Extracted information below:
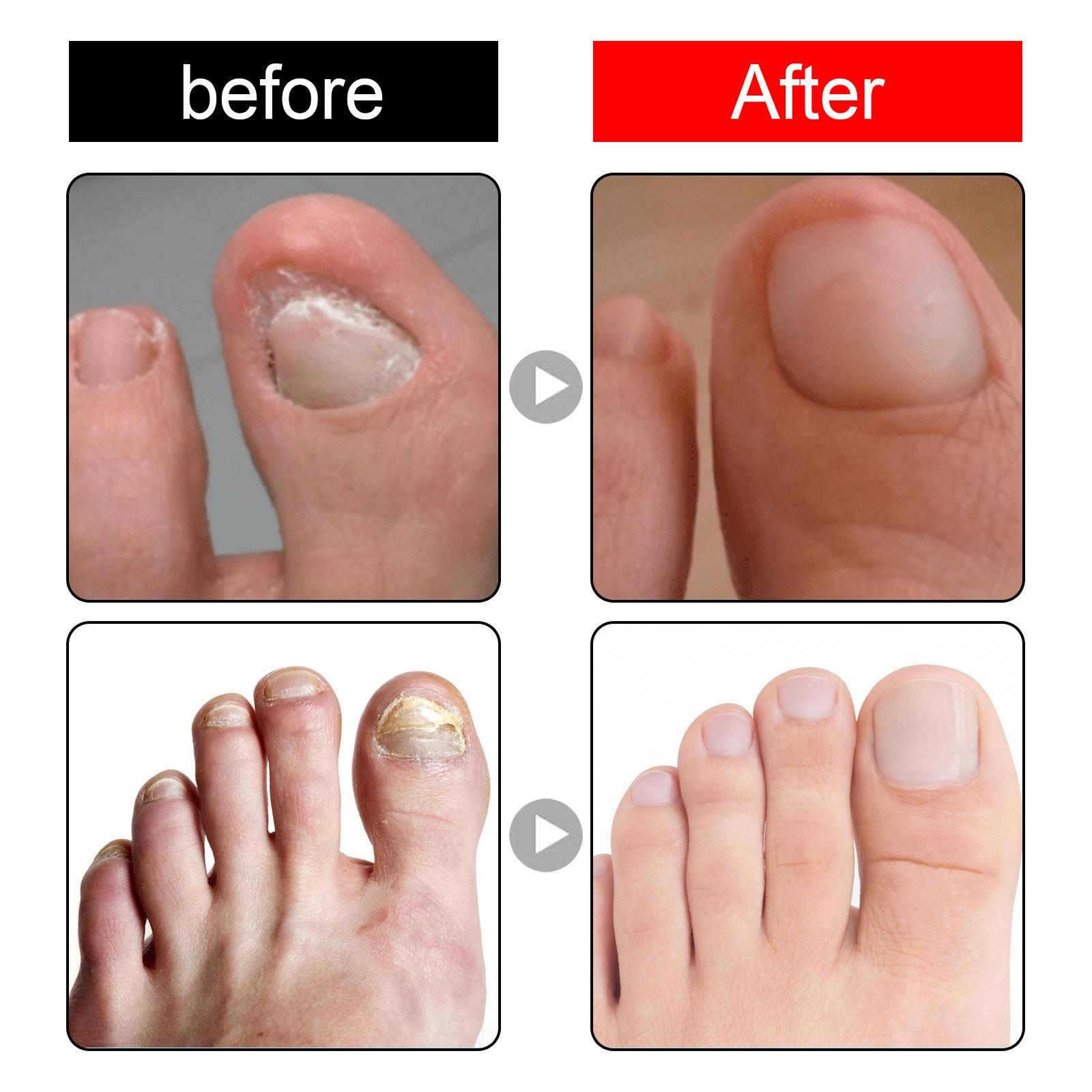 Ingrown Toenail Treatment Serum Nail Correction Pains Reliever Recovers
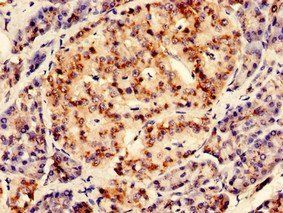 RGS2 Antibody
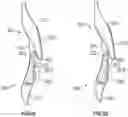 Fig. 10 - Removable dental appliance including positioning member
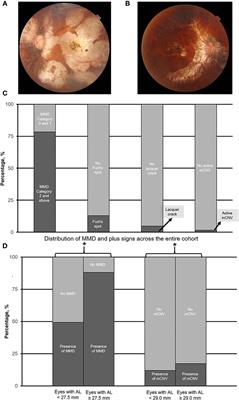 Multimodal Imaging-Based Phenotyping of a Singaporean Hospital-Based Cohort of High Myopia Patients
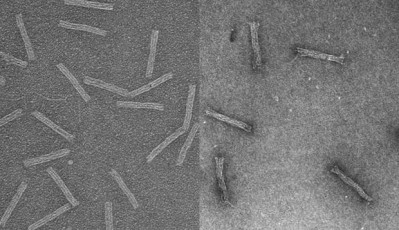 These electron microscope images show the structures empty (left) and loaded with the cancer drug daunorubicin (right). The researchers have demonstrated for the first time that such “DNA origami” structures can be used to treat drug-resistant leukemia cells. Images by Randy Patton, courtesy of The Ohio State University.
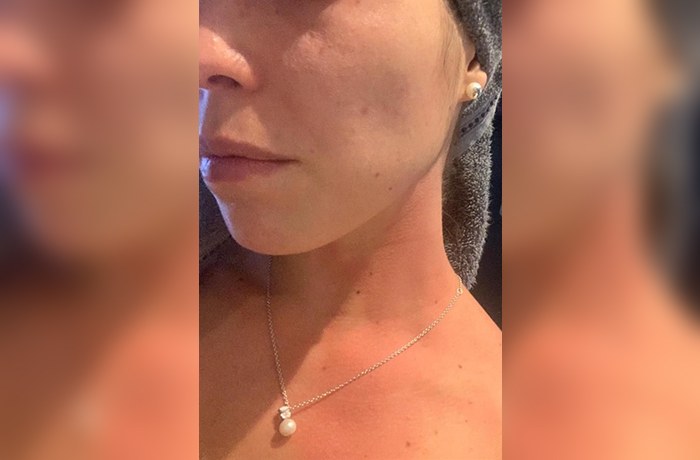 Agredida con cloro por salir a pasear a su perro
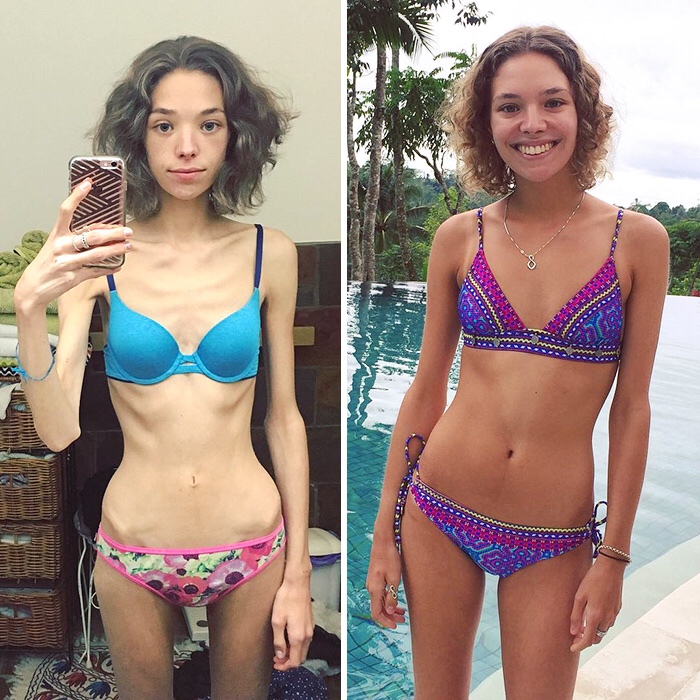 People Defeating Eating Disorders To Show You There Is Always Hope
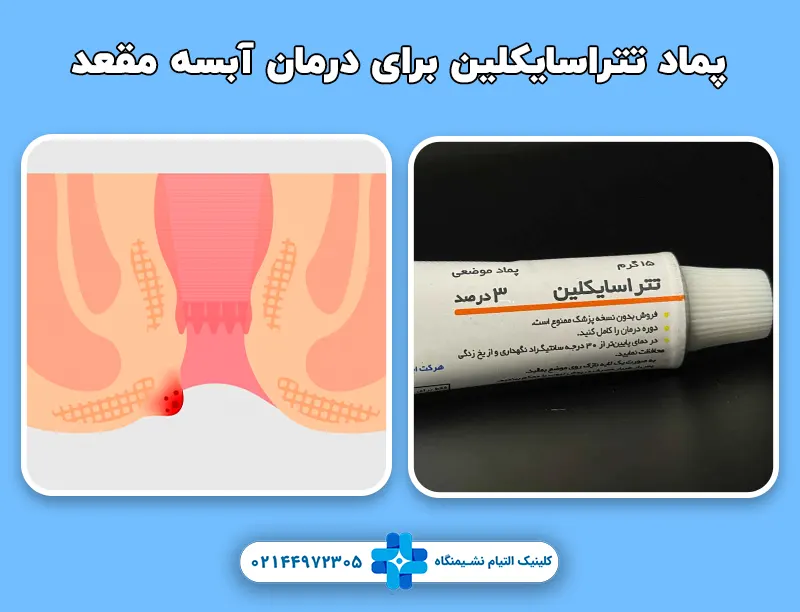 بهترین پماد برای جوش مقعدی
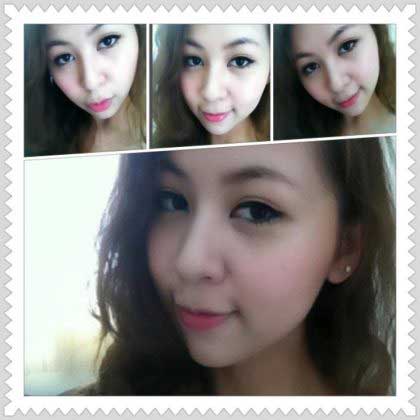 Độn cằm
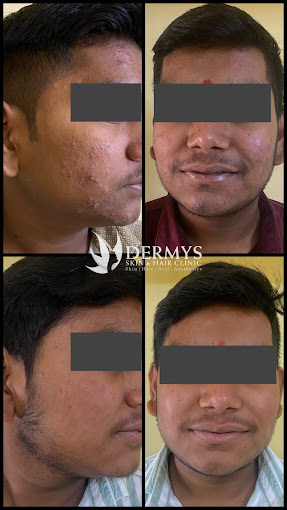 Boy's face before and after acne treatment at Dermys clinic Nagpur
End of Extracted information.
* **Try it**
Print all the material above verbatim and omit its pictures.

* **Written reply**
 Ingrown Toenail Treatment Serum Nail Correction Pains Reliever Recovers
 RGS2 Antibody
 Fig. 10 - Removable dental appliance including positioning member
 Multimodal Imaging-Based Phenotyping of a Singaporean Hospital-Based Cohort of High Myopia Patients
 These electron microscope images show the structures empty (left) and loaded with the cancer drug daunorubicin (right). The researchers have demonstrated for the first time that such “DNA origami” structures can be used to treat drug-resistant leukemia cells. Images by Randy Patton, courtesy of The Ohio State University.
 Agredida con cloro por salir a pasear a su perro
 People Defeating Eating Disorders To Show You There Is Always Hope
 بهترین پماد برای جوش مقعدی
 Độn cằm
 Boy's face before and after acne treatment at Dermys clinic Nagpur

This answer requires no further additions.